Fertility in Women Diagnosed with Chronic Myeloid Leukemia

Women and men diagnosed with chronic myeloid leukemia  should consider fertility issues and safety of pregnancy while under treatment. Chronic myeloid leukemia (CML) is formed of malignant cells from the bone marrow. It may later spread to the blood stream or other organs. It may also progress to a fast growing stage-acute leukemia. It is diagnosed in 2000 women and 2800 men yearly in The US, mostly during their adult years. Most individuals diagnosed with CML carry an abnormal chromosomal arrangement called Philadelphia chromosome. Many patients do not have any symptoms. CML is suspected from blood counts and confirmed by examining blood smears and bone marrow examination.
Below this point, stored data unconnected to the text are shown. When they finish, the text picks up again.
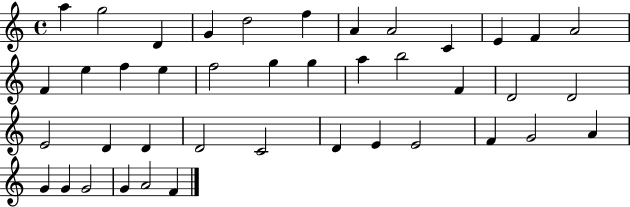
{
  \clef treble
  \time 4/4
  \defaultTimeSignature
  \key c \major
  a''4 g''2 d'4 | g'4 d''2 f''4 | a'4 a'2 c'4 | e'4 f'4 a'2 | \break f'4 e''4 f''4 e''4 | f''2 g''4 g''4 | a''4 b''2 f'4 | d'2 d'2 | \break e'2 d'4 d'4 | d'2 c'2 | d'4 e'4 e'2 | f'4 g'2 a'4 | \break g'4 g'4 g'2 | g'4 a'2 f'4 | \bar "|."
}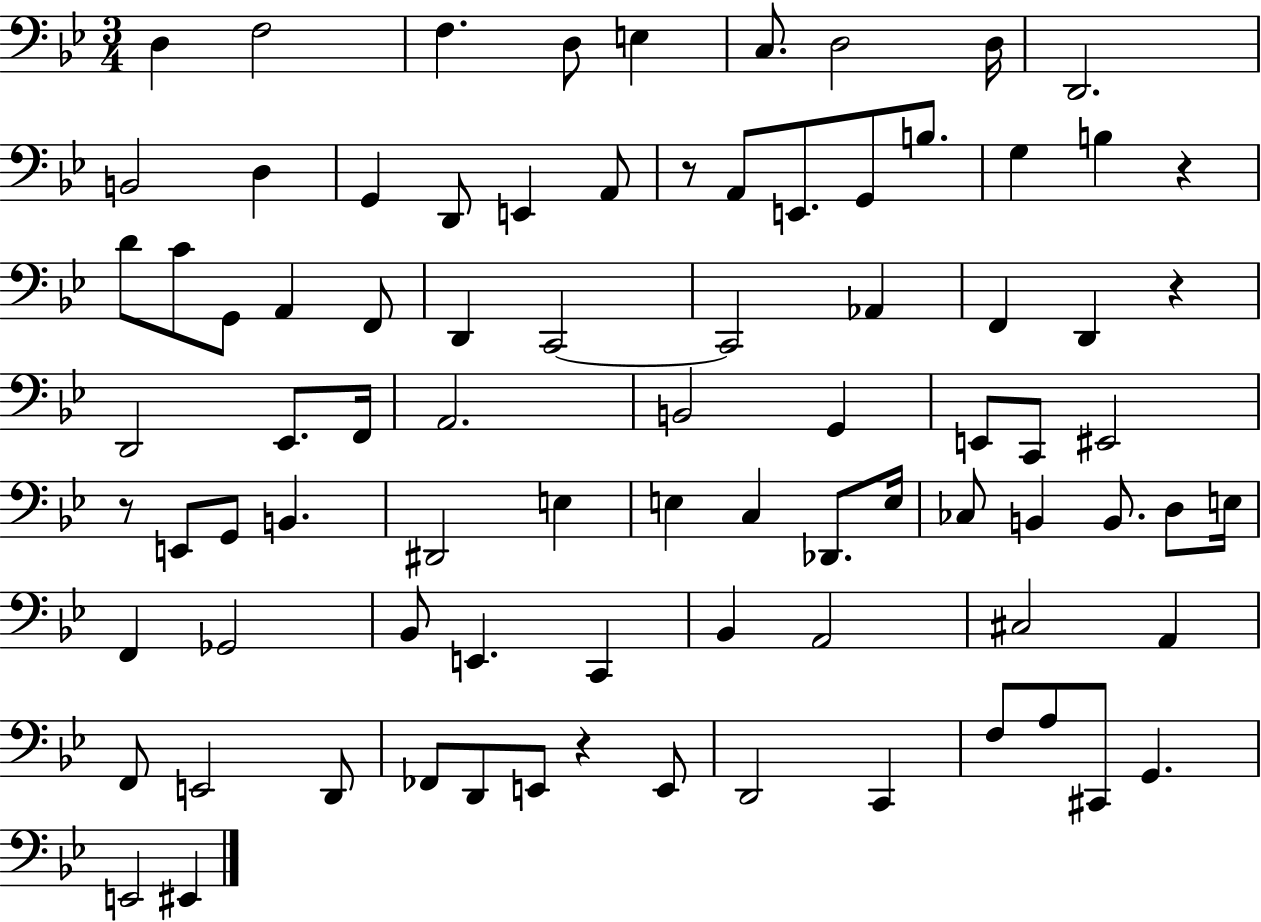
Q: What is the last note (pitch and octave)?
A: EIS2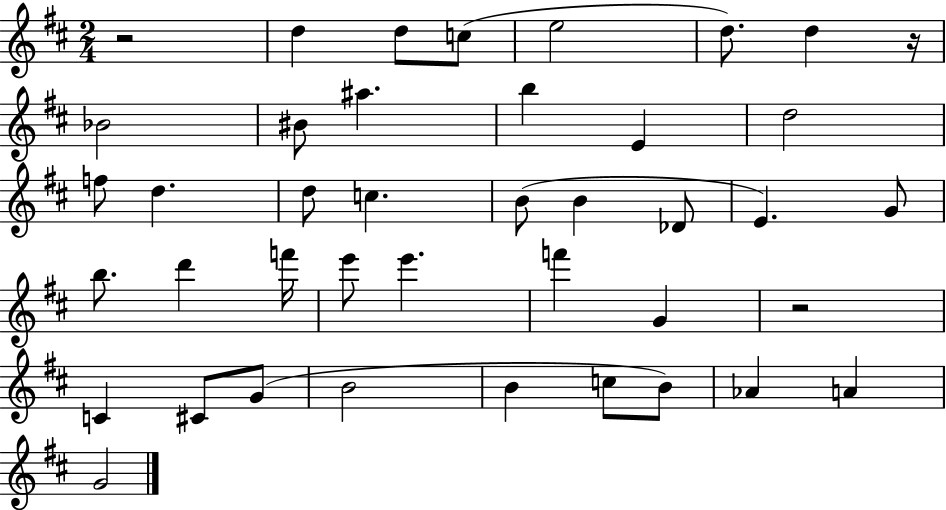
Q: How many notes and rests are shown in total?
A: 41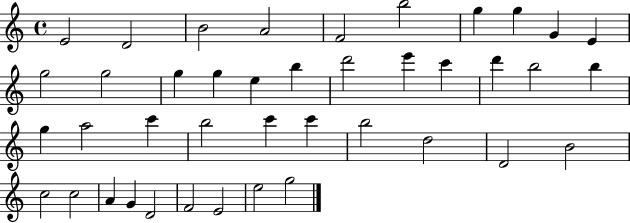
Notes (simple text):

E4/h D4/h B4/h A4/h F4/h B5/h G5/q G5/q G4/q E4/q G5/h G5/h G5/q G5/q E5/q B5/q D6/h E6/q C6/q D6/q B5/h B5/q G5/q A5/h C6/q B5/h C6/q C6/q B5/h D5/h D4/h B4/h C5/h C5/h A4/q G4/q D4/h F4/h E4/h E5/h G5/h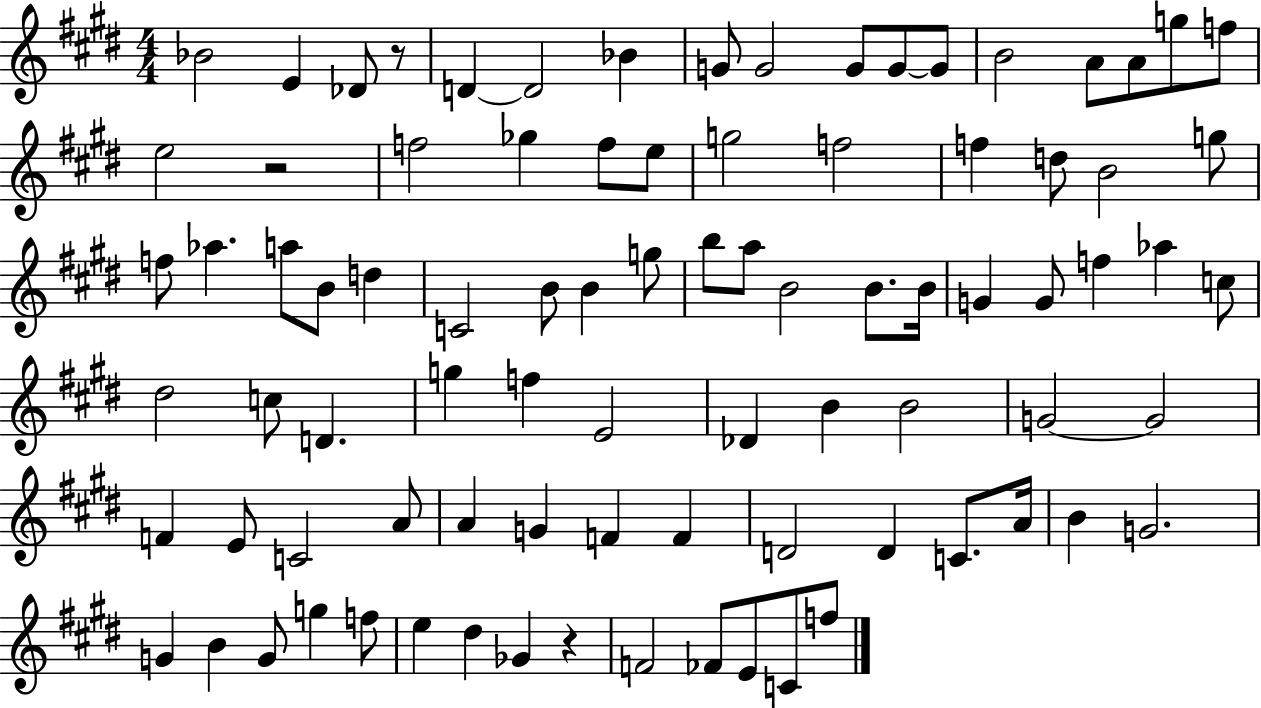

Newer drugs like imatinib, dasatinib and nilotinib have changed the treatment of CML dramatically. More than 90% of patients that received these medications survived for 5 years or more. These belong to a group of medications called tyrosine kinase inhibitors (TKIs). These medication slow the propagation of lymphoma cells. Their side effects are less than standard chemotherapy. Response to treatment is assessed using blood counts, the presence of Philadelphia chromosome and molecular genetics tests for a specific gene. Some individuals require stem cell transplantation. Transplantation requires treatment with high dose chemotherapy and total body irradiation, both are associated with very high risk for ovarian failure.

Effects of TKIs on fertility. Animal studies indicate that exposure to TKIs during adult life was not associated with impaired fertility in males and females. Exposure before puberty lead to reduced sperm production in males. There has been few case reports of low sperm count and early ovarian failure after exposure to imatinib in humans. This was not reported in large studies. Because of the possible effects of imatinib on fertility and because all individuals treated for CML are at risk for progressive disease requiring stem cell transplantation, men and women diagnosed with CML should consider fertility preservation. Men should consider sperm freezing. Women should consider embryo cryopreservation (if they have a partner) or egg freezing.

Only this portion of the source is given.